28th Sunday in Ordinary Time          

            Mark, in his entire Gospel, never explicitly says that Jesus loved Peter, James, John, or any disciple – or others for that matter. But Mark tells us, in today’s gospel passage, that Jesus loved the rich man. The man sought the kingdom of God and he did what God had commanded. Perhaps, this is what endeared him to Jesus.

            It is also worth-mentioning that this is the only instance in Mark’s Gospel when Jesus invited someone to follow him   and the person could not do it – the reason being: “He went away sad, for he had many possessions.”

 We cannot truly join the ranks of those who follow Jesus until we have squarely confronted ourselves about the role of material wealth in our lives. We have to come clean about the power of money and material possessions have over us. Money can become an organizing principle of our life. It can become a “human-made god” that competes with the one true God, that people, wittingly or unwittingly, are worshipping, serving, and depending on.

            Someone said, “Money has no material power or force except as people attribute power to it.”  Money as an object is not the master of anyone except by one’s consent to make money his or her master, his or her god. Money would be absolutely nothing, materially speaking, without human consent. (Jacques Ellul) The bad news in today’s gospel story is this: There are occasions when the desire for money –for having it, holding it, keeping it becomes more important than anything else. Or is that the good news?

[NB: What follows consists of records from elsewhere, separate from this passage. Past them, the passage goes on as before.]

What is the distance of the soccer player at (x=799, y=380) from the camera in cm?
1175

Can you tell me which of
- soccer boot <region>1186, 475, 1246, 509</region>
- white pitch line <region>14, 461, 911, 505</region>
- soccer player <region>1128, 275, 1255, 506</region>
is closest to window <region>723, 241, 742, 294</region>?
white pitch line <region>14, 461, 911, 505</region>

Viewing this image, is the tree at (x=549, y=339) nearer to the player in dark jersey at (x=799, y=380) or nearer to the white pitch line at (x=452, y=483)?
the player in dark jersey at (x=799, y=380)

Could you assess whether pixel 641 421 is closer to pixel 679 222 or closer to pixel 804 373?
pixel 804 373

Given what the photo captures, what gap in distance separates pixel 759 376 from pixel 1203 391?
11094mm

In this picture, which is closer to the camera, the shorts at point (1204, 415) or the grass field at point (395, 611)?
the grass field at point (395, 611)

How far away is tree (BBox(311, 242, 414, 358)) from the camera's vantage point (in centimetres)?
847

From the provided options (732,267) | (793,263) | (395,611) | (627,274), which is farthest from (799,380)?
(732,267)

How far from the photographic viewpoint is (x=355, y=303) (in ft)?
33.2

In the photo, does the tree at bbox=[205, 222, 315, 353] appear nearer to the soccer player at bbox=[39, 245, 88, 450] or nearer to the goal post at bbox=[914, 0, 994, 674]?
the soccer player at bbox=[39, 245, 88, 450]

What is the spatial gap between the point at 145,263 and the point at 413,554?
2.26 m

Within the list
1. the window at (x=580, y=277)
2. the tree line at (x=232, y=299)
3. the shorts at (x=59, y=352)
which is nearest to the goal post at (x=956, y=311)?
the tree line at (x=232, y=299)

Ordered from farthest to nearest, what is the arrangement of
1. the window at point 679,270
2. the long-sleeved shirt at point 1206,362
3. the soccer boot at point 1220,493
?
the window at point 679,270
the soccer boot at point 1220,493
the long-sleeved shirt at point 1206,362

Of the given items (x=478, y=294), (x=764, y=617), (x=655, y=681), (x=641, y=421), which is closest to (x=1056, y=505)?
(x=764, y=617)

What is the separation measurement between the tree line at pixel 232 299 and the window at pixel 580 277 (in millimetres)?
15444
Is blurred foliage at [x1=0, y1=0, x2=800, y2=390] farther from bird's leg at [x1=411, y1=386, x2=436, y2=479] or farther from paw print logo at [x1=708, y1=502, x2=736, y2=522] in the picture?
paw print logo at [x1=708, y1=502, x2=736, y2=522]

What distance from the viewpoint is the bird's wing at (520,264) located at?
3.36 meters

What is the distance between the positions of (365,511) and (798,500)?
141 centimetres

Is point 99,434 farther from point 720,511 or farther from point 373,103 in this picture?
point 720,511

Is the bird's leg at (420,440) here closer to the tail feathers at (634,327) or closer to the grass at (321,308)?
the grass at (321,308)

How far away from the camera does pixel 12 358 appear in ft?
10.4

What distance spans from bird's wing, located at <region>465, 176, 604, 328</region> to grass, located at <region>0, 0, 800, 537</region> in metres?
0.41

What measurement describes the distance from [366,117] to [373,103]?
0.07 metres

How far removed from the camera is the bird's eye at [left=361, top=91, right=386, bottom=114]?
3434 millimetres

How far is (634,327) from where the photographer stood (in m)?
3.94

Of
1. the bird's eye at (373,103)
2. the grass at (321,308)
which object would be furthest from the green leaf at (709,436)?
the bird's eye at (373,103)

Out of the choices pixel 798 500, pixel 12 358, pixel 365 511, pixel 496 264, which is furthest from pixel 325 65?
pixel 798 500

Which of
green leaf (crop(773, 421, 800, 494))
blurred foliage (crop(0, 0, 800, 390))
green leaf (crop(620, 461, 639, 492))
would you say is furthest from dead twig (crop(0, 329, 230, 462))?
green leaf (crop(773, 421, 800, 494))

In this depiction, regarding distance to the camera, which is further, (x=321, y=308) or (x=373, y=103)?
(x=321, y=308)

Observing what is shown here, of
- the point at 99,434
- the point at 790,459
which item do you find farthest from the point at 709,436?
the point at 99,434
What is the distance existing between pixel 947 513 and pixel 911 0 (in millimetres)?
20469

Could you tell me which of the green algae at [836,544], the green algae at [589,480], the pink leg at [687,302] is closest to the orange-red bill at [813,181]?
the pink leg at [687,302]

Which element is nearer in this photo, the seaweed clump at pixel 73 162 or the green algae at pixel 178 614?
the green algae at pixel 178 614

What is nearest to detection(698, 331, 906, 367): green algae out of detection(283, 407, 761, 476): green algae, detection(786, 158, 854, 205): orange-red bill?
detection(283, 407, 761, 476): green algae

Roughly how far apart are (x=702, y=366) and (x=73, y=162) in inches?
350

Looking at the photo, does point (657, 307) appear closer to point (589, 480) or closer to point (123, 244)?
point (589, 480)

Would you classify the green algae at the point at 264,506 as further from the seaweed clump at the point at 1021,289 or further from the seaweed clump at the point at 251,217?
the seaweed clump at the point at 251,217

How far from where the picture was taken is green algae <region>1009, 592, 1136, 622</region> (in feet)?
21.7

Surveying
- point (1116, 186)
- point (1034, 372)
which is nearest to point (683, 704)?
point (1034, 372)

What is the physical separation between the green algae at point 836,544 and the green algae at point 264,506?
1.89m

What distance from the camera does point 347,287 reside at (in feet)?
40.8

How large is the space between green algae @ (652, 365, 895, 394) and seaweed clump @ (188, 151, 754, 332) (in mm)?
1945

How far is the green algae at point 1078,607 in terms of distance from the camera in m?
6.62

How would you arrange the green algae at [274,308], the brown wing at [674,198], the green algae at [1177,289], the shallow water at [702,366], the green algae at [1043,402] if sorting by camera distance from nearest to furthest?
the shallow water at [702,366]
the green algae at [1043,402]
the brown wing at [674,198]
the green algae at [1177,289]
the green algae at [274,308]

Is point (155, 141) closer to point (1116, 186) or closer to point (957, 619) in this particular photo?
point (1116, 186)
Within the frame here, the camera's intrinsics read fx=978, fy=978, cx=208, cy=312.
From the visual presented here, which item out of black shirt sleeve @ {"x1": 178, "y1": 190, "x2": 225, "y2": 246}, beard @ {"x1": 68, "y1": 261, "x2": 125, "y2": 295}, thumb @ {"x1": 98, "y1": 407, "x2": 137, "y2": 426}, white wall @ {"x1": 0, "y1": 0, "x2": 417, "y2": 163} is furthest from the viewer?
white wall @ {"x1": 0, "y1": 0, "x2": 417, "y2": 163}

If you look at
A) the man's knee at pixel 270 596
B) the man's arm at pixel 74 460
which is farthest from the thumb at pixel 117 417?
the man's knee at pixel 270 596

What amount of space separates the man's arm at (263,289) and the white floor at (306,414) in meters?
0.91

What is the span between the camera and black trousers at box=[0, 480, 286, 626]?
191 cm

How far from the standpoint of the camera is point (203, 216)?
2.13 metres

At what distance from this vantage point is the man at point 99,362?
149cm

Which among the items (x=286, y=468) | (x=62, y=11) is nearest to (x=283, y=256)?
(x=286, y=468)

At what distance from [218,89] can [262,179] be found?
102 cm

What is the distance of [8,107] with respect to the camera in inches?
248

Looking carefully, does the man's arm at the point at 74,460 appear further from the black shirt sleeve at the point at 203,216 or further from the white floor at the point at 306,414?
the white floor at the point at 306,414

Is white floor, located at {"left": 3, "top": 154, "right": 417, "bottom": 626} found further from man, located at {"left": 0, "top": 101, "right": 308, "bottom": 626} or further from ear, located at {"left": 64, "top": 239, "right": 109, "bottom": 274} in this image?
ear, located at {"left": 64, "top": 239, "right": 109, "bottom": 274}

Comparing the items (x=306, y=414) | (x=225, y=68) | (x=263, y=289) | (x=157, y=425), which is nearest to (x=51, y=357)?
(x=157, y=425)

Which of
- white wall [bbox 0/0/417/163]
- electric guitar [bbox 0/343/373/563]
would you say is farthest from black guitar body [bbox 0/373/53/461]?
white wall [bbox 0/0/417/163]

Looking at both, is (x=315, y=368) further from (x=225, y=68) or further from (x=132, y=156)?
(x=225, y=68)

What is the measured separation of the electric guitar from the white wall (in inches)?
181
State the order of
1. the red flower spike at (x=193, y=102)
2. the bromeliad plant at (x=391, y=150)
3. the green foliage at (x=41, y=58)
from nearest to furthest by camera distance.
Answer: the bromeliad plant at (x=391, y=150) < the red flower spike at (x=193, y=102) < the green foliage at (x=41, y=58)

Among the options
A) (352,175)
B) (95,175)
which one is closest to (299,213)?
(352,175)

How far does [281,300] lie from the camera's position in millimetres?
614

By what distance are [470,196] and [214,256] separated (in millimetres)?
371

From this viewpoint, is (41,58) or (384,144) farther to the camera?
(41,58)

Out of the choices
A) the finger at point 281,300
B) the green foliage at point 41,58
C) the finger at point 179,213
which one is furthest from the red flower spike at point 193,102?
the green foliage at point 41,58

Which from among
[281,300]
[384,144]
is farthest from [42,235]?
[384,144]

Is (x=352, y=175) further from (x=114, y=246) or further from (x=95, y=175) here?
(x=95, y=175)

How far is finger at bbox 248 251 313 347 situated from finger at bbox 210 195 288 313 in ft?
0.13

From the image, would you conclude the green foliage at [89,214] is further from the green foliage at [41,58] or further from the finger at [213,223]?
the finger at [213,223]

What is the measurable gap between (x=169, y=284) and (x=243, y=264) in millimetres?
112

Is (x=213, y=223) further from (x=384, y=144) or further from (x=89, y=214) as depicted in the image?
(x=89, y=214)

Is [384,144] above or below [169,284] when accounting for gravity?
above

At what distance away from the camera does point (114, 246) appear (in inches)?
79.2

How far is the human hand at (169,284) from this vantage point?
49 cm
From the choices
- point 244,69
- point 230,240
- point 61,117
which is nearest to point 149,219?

            The gospel calls our values and priorities into question. As he tried to do for the rich man in today’ gospel story, Jesus wants to free us from the tyranny of money. The Lord summons us to cut all ties to the things of the world which enslave and tangle. He invites us to become free: free from the desire to possess things, free from determining our value by the size of our wealth, free from the entanglements of material possessions, free from the grip of materialism and consumerism.

            “How hard it is for those who have wealth to enter the Kingdom of God!” Wealth, in this passage, signifies many things: proud self-sufficiency, over reliance on one’s own power, the supremacy of the law of profit over that of morality, the utter inequality in the use of the earth’s goods, the search for convenience, pleasure, and vainglory.

            Are we possessed and dominated by wealth? The Lord is challenging us to give up our many attachments. Let us pray that we may not allow wealth to hinder us from entering the Kingdom of God. With God’s help, let us reclaim our freedom… freedom from anxiety about our wealth… freedom to follow Jesus freely and closely.

            Today’s gospel lesson proclaims good news and bad news. The good news is no one who clings to one’s riches can get into the kingdom of God. Or is that bad news? The bad news is anything is possible with God: God can purge us of all our possessiveness. Or is that bad news?

            Each of us must decide. One thing is for sure: If we want to follow Jesus, we better brace ourselves. He calls us to serve a God who loves us, a God who will keep disturbing us until we finally relinquish our grip on material wealth and possessions Once we say yes to God, once we follow Jesus, we can expect holy disruptions in our lives until the day when God alone shall purge and possess our hearts.

            Let us end with a prayer: Lord Jesus, You constantly remind us that one’s life does not consist of possessions… that what truly matters is the inheritance than only God can give: eternal life. Help us and enable us to distinguish our need from our greed – so that our material wealth will not prevent us from entering the Kingdom of God. Strengthen our resolve and willingness to let go for the sake of the Kingdom, to give and share generously to the poor, and to follow You, Lord Jesus, more freely and more faithfully. Amen.